The authors introduce a training algorithm (back-matching propagation) which optimises each layer of a neural network using a separate matching loss. This is inspired by the work of Carreira-Perpinan and Wang and their Method of Auxiliary Coordinates. This approach allows the authors to study the Hessian of the loss at each layer, with respect to the parameters at that layer. These are the local Hessians. Efficiency of Deep Learning tricks such as skip connections and batch normalization can then be studied using these local Hessians. The authors also propose a variant of SGD, called scale amended SGD, and test this variant in an experiment. Some issues with the paper: * Comparison of vanilla SGD and scale amended SGD in section 4 is done using a single run of training with each algorithm. There is no confidence interval. * How where the hyper-parameters chosen for Figure 1 in section 4? Since this compares two different algorithms, there is no guarantee that a set of optimal parameters for one algorithm are also optimal for the other. How do we know that different hyper-parameters would not show better results for vanilla SGD? Other comments: * In section 2, neither Procedure 1 nor formula (5) define the update rule for $z^{k+1}$. This needs to be clarified. * If $k$ is an index for the various elements in the input data $X$, what is the meaning of the notation $z_b^{k+\frac{1}{2}$? * Footnote 3 on page 4 should be moved earlier in the paper since bias terms have already been removed in previous formulas. ===== Thank you to the authors for their reply. Their response do address the points I have raised. I am happy to raise my review to 'marginally above' provided the authors do the following: 1) make an effort to better explain what their algorithm exactly is (in particular, properly define all variables, with clear update rules); 2) replace their single run curve with the multiple run graph they put in their rebuttal.

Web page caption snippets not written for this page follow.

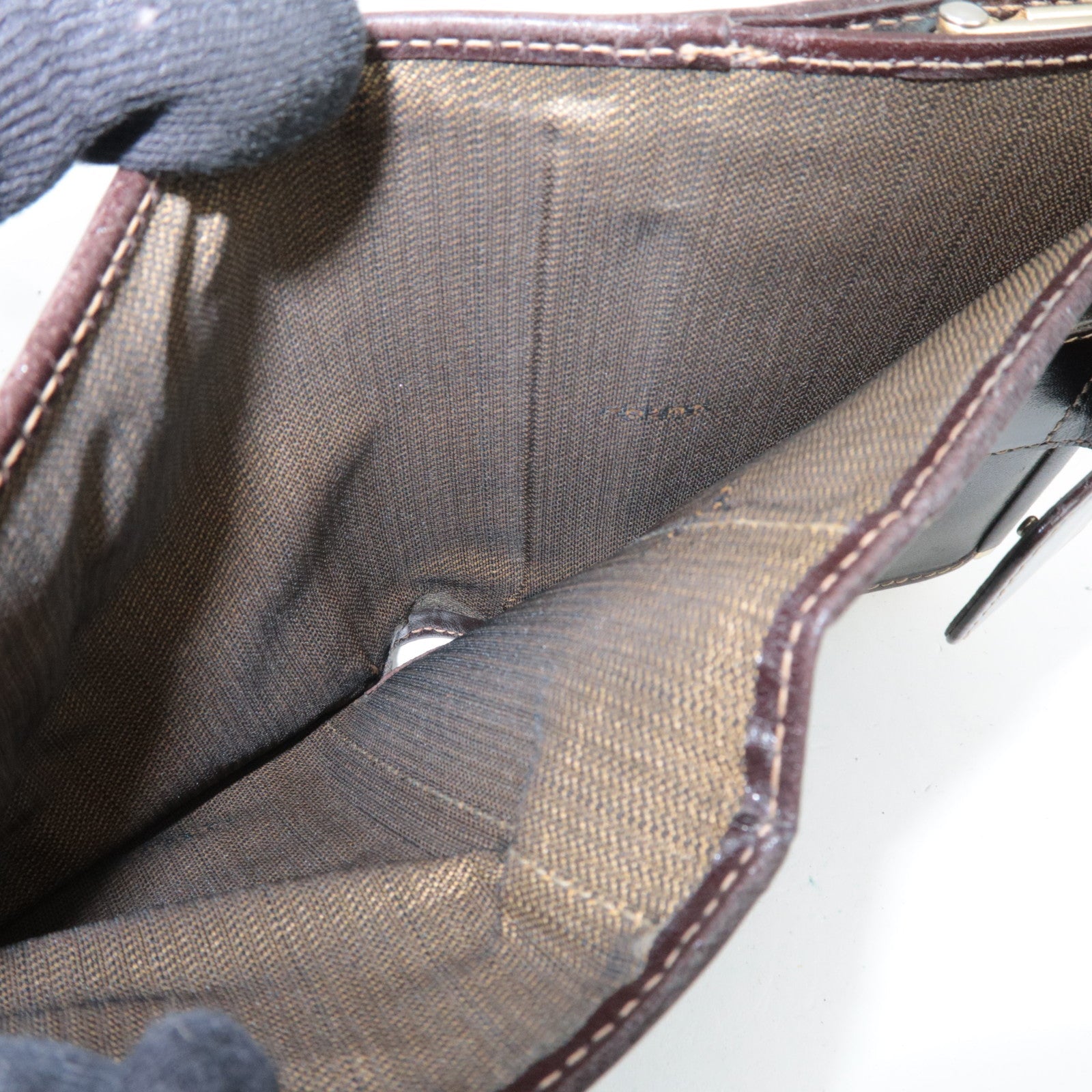 FENDI Zucca Kiss Lock Canvas Leather Bifold Wallet Brown Black 30782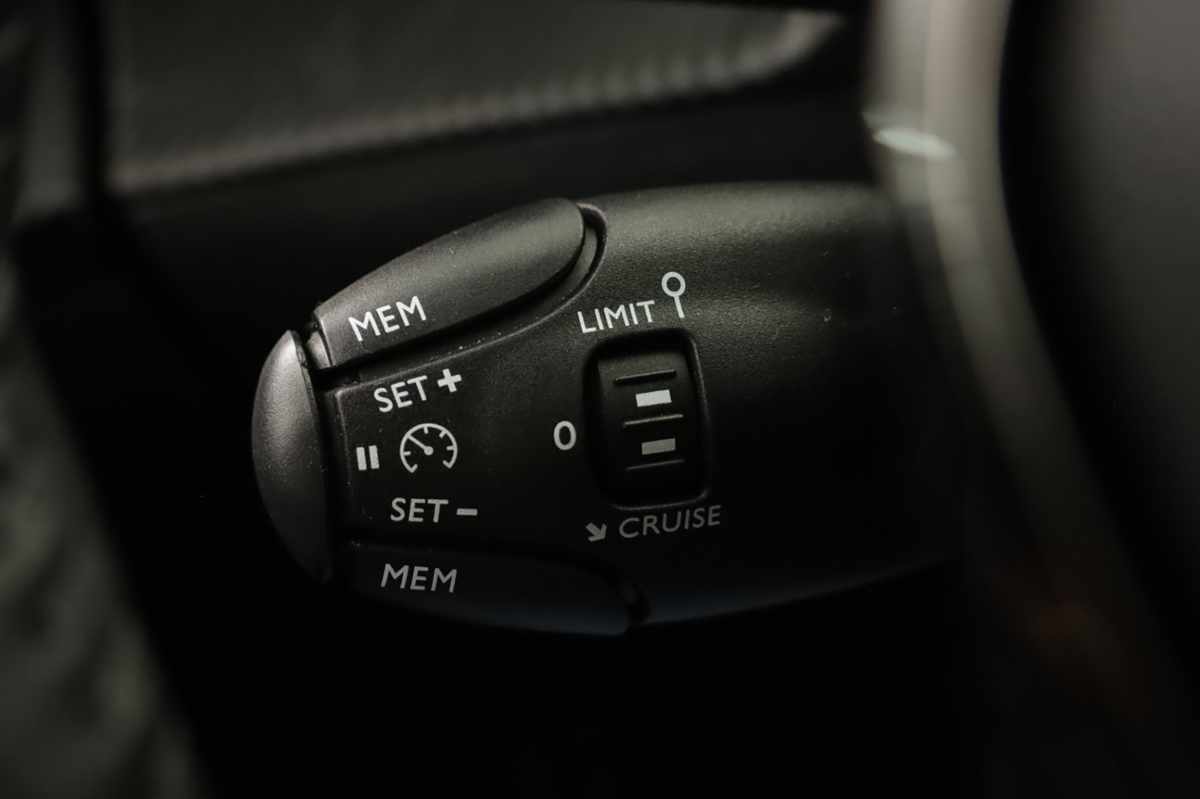 peugeot-2008-2025-gasolina-1199cc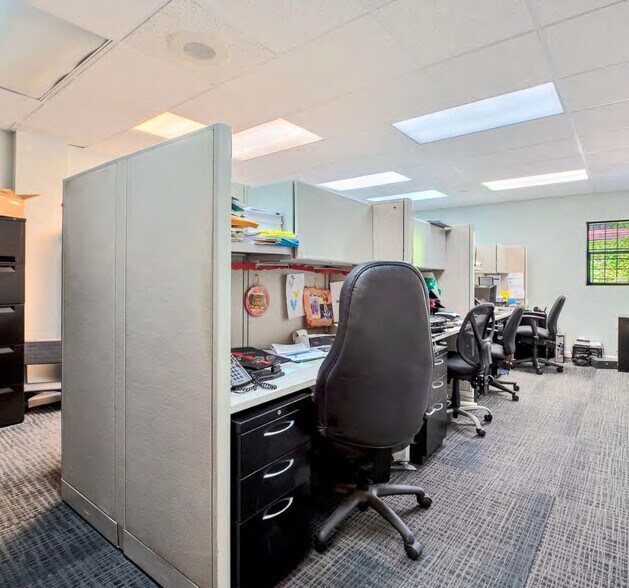 More Photos Of 4627 Ponce de Leon Blvd, Coral Gables Office For Lease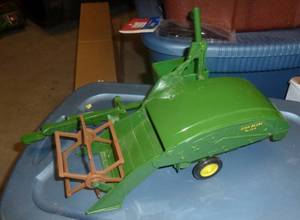 Ertl John Deere Combine 12A Pull Type 116 scale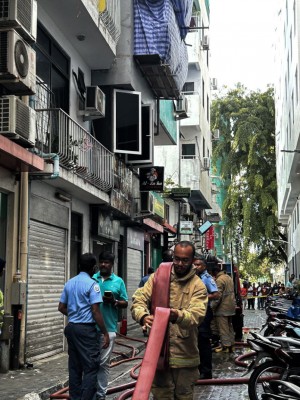 މާލޭގެ ކެފޭއެއްގައި ރޯވެ، ބިދޭސީއެއްގެ ފައި ފިހިއްޖެ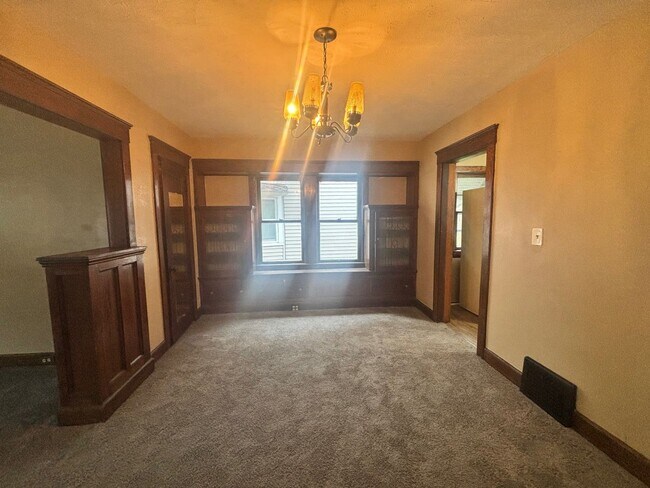 Building Photo - 7505 Halle Ave Unit DN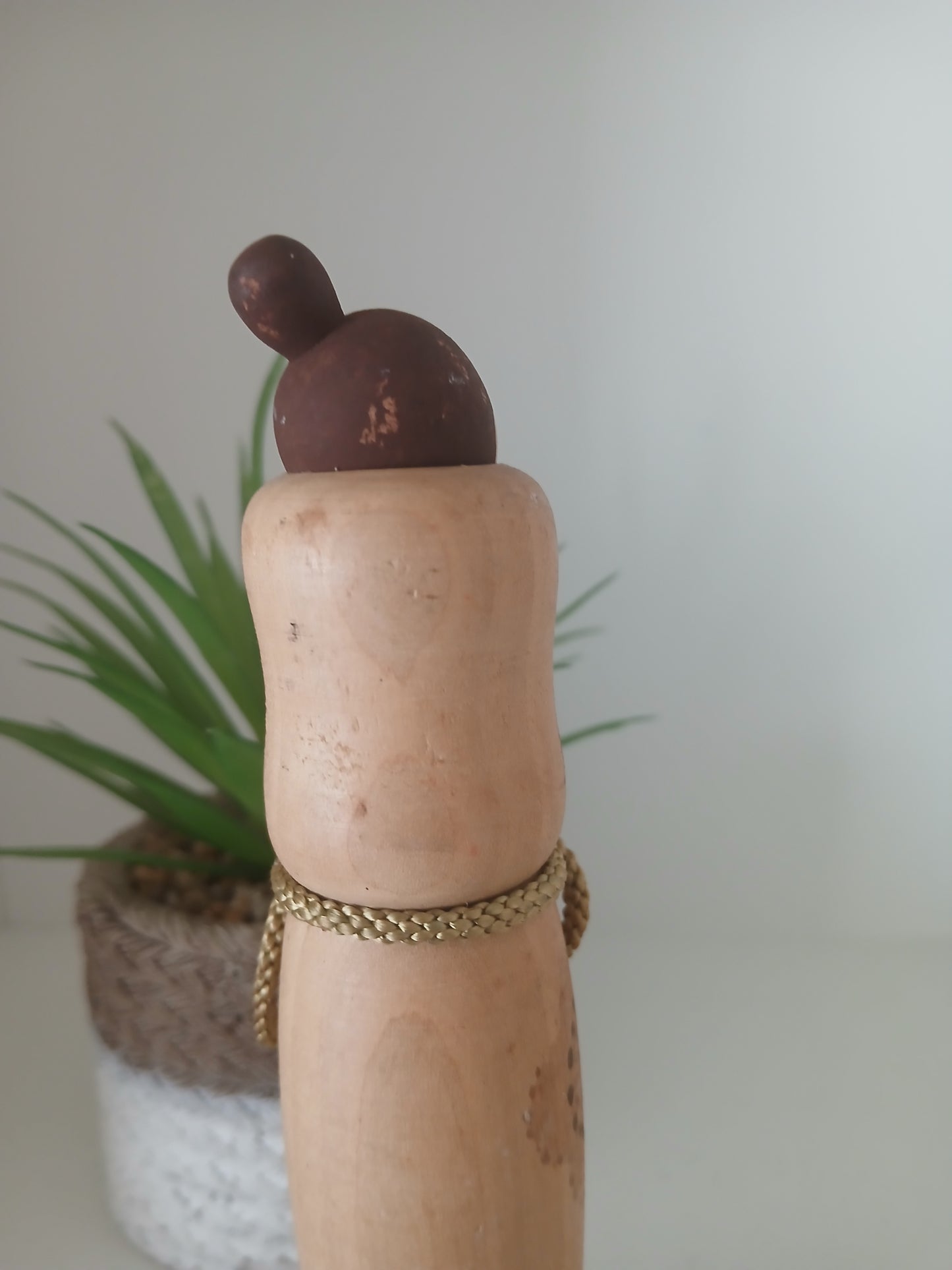 Elegant vintage creative kokeshi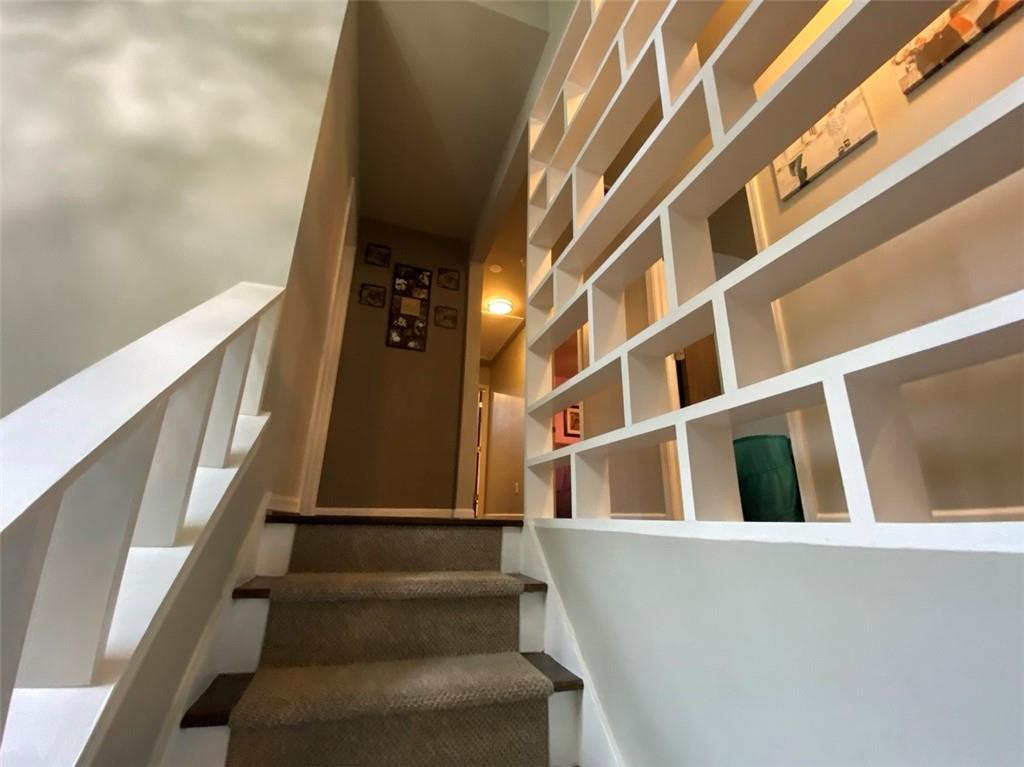 220 Wessex Court, Sandy Springs, Georgia 30328, 4 Bedrooms Bedrooms, ,2 BathroomsBathrooms,Residential,Sold,220 Wessex Court,7262761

#### Summary The authors attempt to characterize neural network architectures and training methods conducive to successful training. They propose that backpropagation with respect to a loss function is equivalent to a single step of a "back-matching propagation" procedure in which, after a forward evaluation, we alternately optimize the weights and input activations for each block to minimize a loss for the block's output. The authors propose that architectures and training procedures which improve the condition number of the Hessian of this back-matching loss are more efficient and support this by analytically studying the effects of orthonormal initialization, skip connections, and batch-norm. They offer further evidence for this characterization by designing a blockwise learning-rate scaling method based on an approximation of the backmatching loss and demonstrating an improved learning curve for VGG13 on CIFAR10 and CIFAR100. #### Quality The authors assembled a good set of data points to make the case for investigating backmatching propagation procedures, but the strength of this case may be insufficient for a complete work at NIPS. The authors acknowledged that one of the assumptions used for the residual connections case may be too strong and that empirical validation is lacking. Additionally, the scale-amended SGD experiment results appear to rely on individual training runs. For experiments at this scale, it seems reasonable to expect some measure of variance from multiple trials. #### Clarity - If I understood the paper's case correctly, the claim that improving the training efficiency requires or implies a well-conditioned local Hessian is not mathematically strict and rather depends on the collection of observations listed above. If this is the case, the authors should consider softening some assertions in the abstract. - I believe equation (12) somewhat overloads F_b; would it be correct to rewrite this as $z_b = F_b(W_b, z_{b-1}) = z_{b-1} = \phi_b(W_b, z_{b-1})$? - In Section 4, it's not clear how m_{b, W} and m_{b, z} are computed for Algorithm 2. #### Originality Variants of back-matching propagation are explored in prior works but these did not apply this procedure to study the efficiency of vanilla backpropagation. #### Significance A general characterization of efficiency for deep learning architectures and training procedures would be very valuable, and the proposal offered here appears to be worth further study.